I own a 92 240 with a KA24DE. I can't tell if I have a vacuum leak or a bad IACV. The Idle surges wether the engine is cold or hot, and after 10 min or so of driving the surging stops and it idles around 1500rpm. It's freakin' annoying so any help would be sweet.


----------



## dkdeleon (Jul 28, 2005)

I would check for vacuum leak.
sounds like you have small leak.


----------



## 2FIZZLE (Jun 11, 2005)

I've also noticed that I'm only getting about 22 mpg! How do I do a vacuum leak test?


----------



## rogoman (Dec 16, 2004)

2FIZZLE said:


> I've also noticed that I'm only getting about 22 mpg! How do I do a vacuum leak test?


Your bad MPG may be due to a bad O-2 sensor.

To check the intake system for a vacuum leak, attach a vacuum gauge to a full vacuum source. A good place to connect to is the charcoal canister. There should be three hoses connecting the carbon canister. Two of the hoses go to a purge valve that's built into the canister. The second larger hose off the purge valve should be your vacuum line. With the motor fully warmed up, the reading at idle should be 18 - 20 InHg. At 3,000 RPM, it should be 21 InHg.
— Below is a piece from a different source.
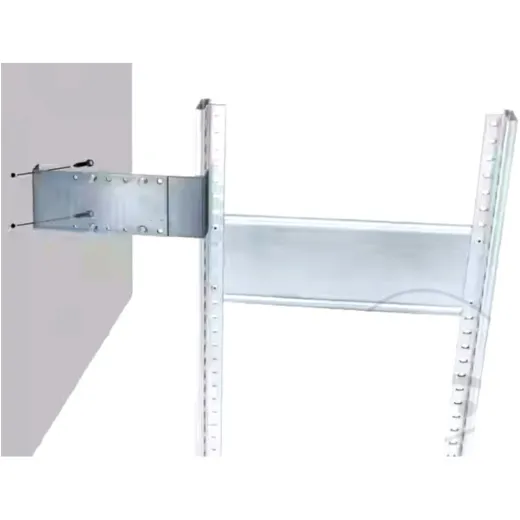 Wandhalter verzinkt 175-325 mm VERZSTELLBAR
If readings are under 18 InHg, check the intake manifold nuts to make sure they are tight. Also check the intake plenum bellows at the throttle valve and at the MAF for cracks or loose clamps.


----------



## 2FIZZLE (Jun 11, 2005)

Thanks for the info. The 02 is actually brand new.


----------



## scapi (May 15, 2004)

check the ground connections on the drivers side top - back of the motor. There are 2 ground connections there, one of mine was loose. Took serveral months to track down. Runs great .... now it need a new clutch???? :cheers:


----------



## 2FIZZLE (Jun 11, 2005)

Update:

The car now runs worse! It now only gets 250 miles per tank. The exhaust smells like fuel, and it acts like it wants to stall. i'm going to check the EGR valve and the IACV. i checked the fuel pressure and it is 40psi with the vacuum line on. So I'm thinking that the diaphram on the EGR has a tear in it.


----------